Woodstock Blog

a tech blog for general algorithmic interview questions

[NineChap System Design] Class 2.2: Database

Question 5

Continue from last post, now let’s support VIP services.

User could buy VIP services using his acccount balance.

class ProService {
    int userId;
    double money;
    long endTime;

    public addMoney(){}
    public buyPro(){}
}

Q5.1: System crash when purchasing VIP

Solution: transaction with log

WriteLOG
Transaction_1123: BEGIN
money=20; endTime=16_07_2016

If system crash happens here, system will read the log, recover and roll back all original data. Try not to complete the transaction - just fail it.

WriteLOG
Transaction_1123: BEGIN
money=20; endTime=16_07_2016
WriteLOG
Transaction_1123: END
money=10; endTime=16_08_2016

What happens if system crash during writing the log? or during the rollback?

Q5.2: dataset contains bad data

  1. one user id have 2 corresponding pro-services information.
  2. Shallow user: a pro-services info does not have corresponding user.

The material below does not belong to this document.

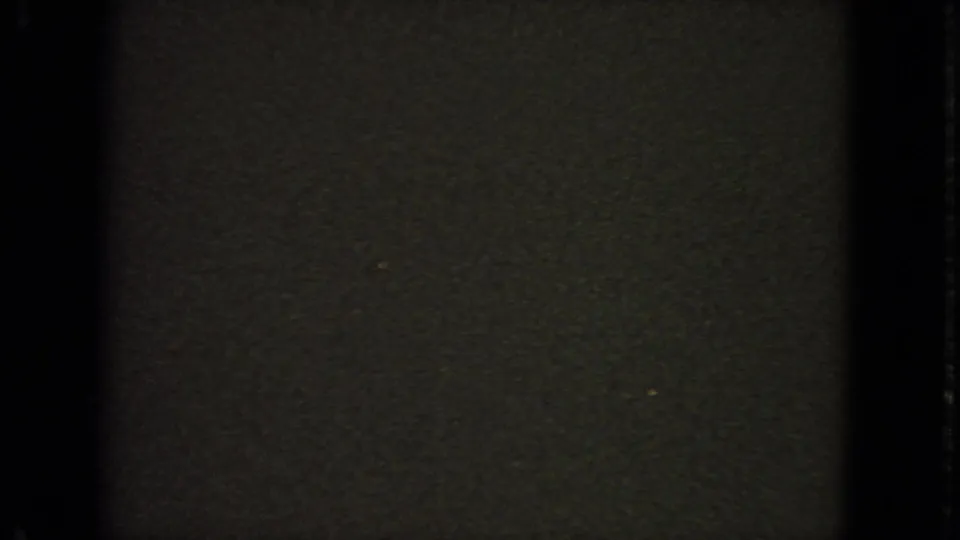 Dark, grainy 8mm end frame with minimal visible detail, likely leader or underexposed end-of-roll footage from the same clip.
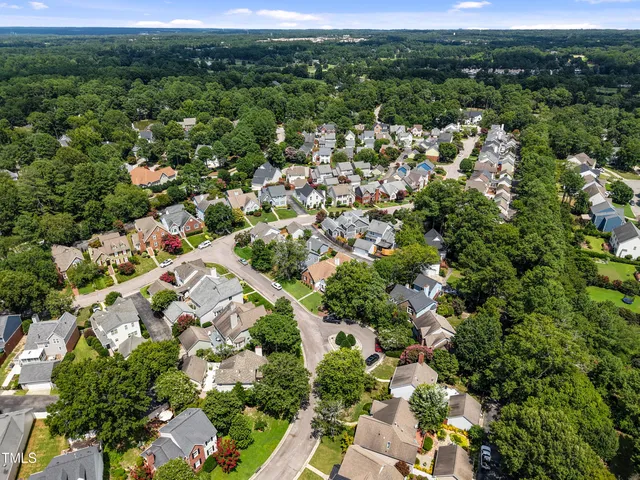 an aerial view of a house with a street view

Solution: have a checker class.

Q5.3: simutaneous purchase by 2 users

Solution: lock.

  1. first process lock money & endTime.
  2. Read money = 20
  3. another process try to lock, but end up waiting (sleeping).
  4. first process do the job, and release the lock.
  5. another process wakes up.

lock have time-out settings. It can be applied in distributed system as well.

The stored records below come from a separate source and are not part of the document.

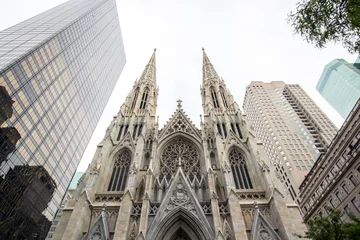 Foto op Canvas Saint Patrick cathedral in the middle of the midtown buildings of manhattan, new-york city © ydumortier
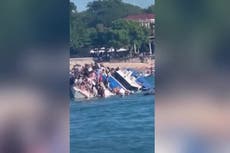 Watch: Terrified passengers cling on as boat carrying 89 tourists sinks in Bali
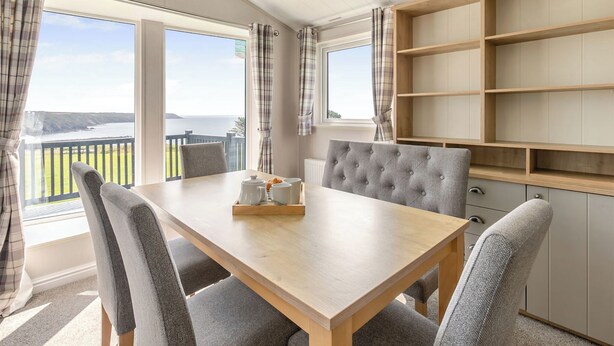 A dining area with a wooden table, grey upholstered chairs, and a view of the sea through large windows. - Deluxe Lodge, parking, ensuite, decking & sea view (Ryde, Nr Bembridge)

Question: does lock make your execution slow?

  1. If another process is sleeping, CPU will be fully consumed by other process. So it won’t impact.

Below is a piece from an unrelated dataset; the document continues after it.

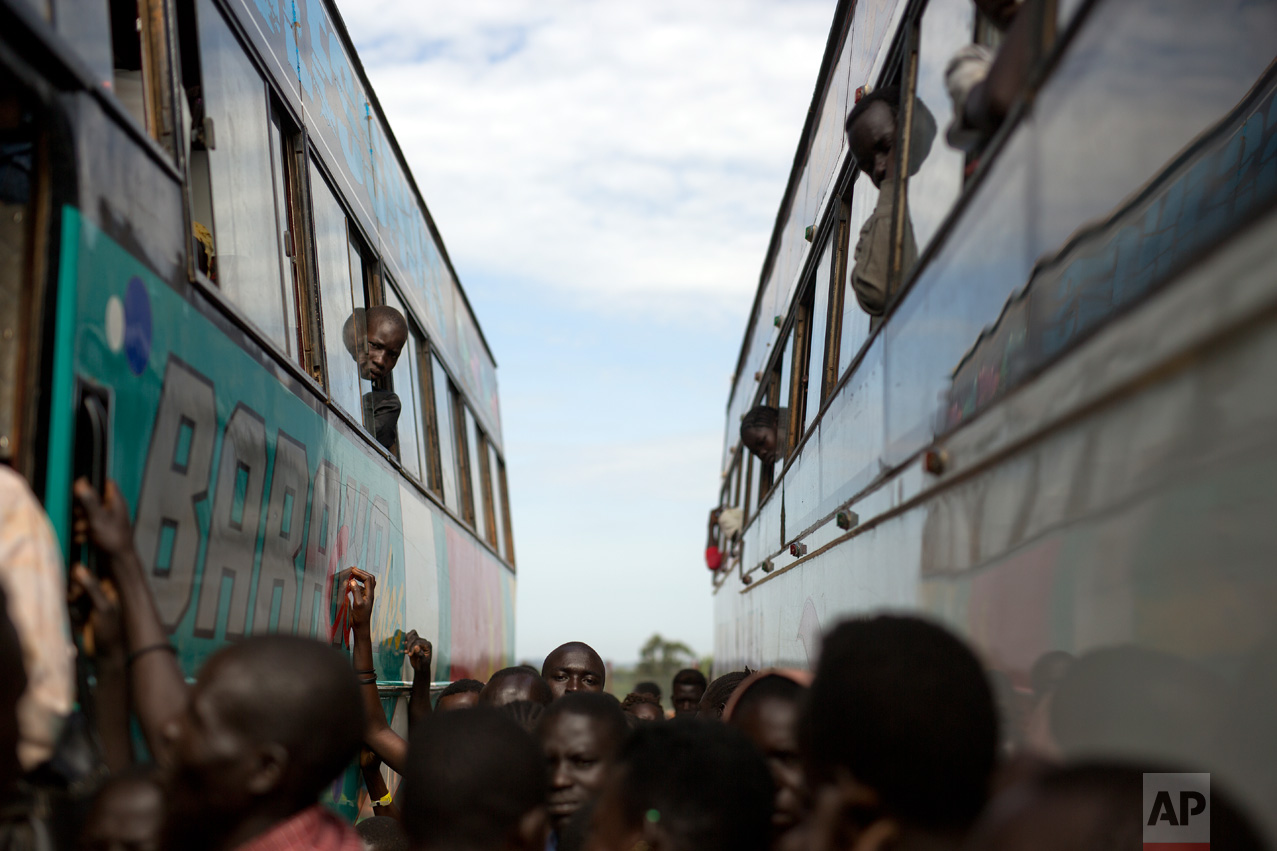 In this Friday March 31, 2017 photo, South Sudanese refugees board buses at the Kuluba transit camp in Uganda. Over 1000 refugees transit daily through here and are then transported to Imvepi for permanent settlement. (AP Photo/Jerome Delay)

  2. You can do some async processing, too.

  3. When you lock, try to lock only a small piece of code, not the entire method. In DB, lock only a row, not a table.

  4. Java CAS (Compare and swap )

Q5.4: Server crash

Solution: duplication.

  1. How many copies?

    Google did 3. Normally 2 in same data center, and 1 in another location.

    Backup data normally is on another machine. But there’s also RAID (redundant array of independent disks) which:

    combines multiple physical disk drive components into a single logical unit for the purposes of data redundancy, performance improvement, or both.

  2. When does the copy happen?

    Option 1 is doing everyday nightly. This is called a ‘check point’.

    Option 2 is use another server to support Shadow Redundancy. All data from Machine 0 will be copied to Machine 1 WHILE it happens. The result is, Machine 1 is identical to Machine 0. If Machine 0 crashes, Machine 1 may be behind less than 1 second.

    The way to duplicate is either re-play all the actions, or to read Machine 0’s log and apply the new data.

  3. How to copy?

    User send data to 1 server, and from that server, pipeline. This ensures good usage of server bandwith, and serial transfer of data ensures low latency (several ms).

    It’s also possible to do tree-like transfer, but the above method is preferred cuz all machine consume same bandwidth.

  4. What is log?

    It is actually ‘checkpoint’ + log. It allows you to rollback.

Data redundancy - Summary:

Final note: Data inconsistency

Main sources of inconsistency comes from:

  1. network fault
  2. disk error

The disk eror is solved by checksum (compare during disk writing).

Summary

ACID (Atomicity, Consistency, Isolation, Durability) is a set of properties that guarantee that database transactions are processed reliably.

  1. Atomicity: all or nothing

    Q5.1: System crash when purchasing VIP

  2. Consistency: validate according to defined rules

    Q5.2: dataset contains bad data

  3. Isolation: independency between transactions (lock)

    Q5.3: simutaneous purchase by 2 users

  4. Durability: stored permanently

    Q5.4: Server crash

Additional Questions:

  1. design a user system (Netflix 2015)

Hint: table design, register, login/out, password check, find password.

  1. Design payment system (Yelp, BigCommerce 2015)

Hint: the question does not ask about table/ds design itself, but rather the problems associated with payment. Read about ACID principle.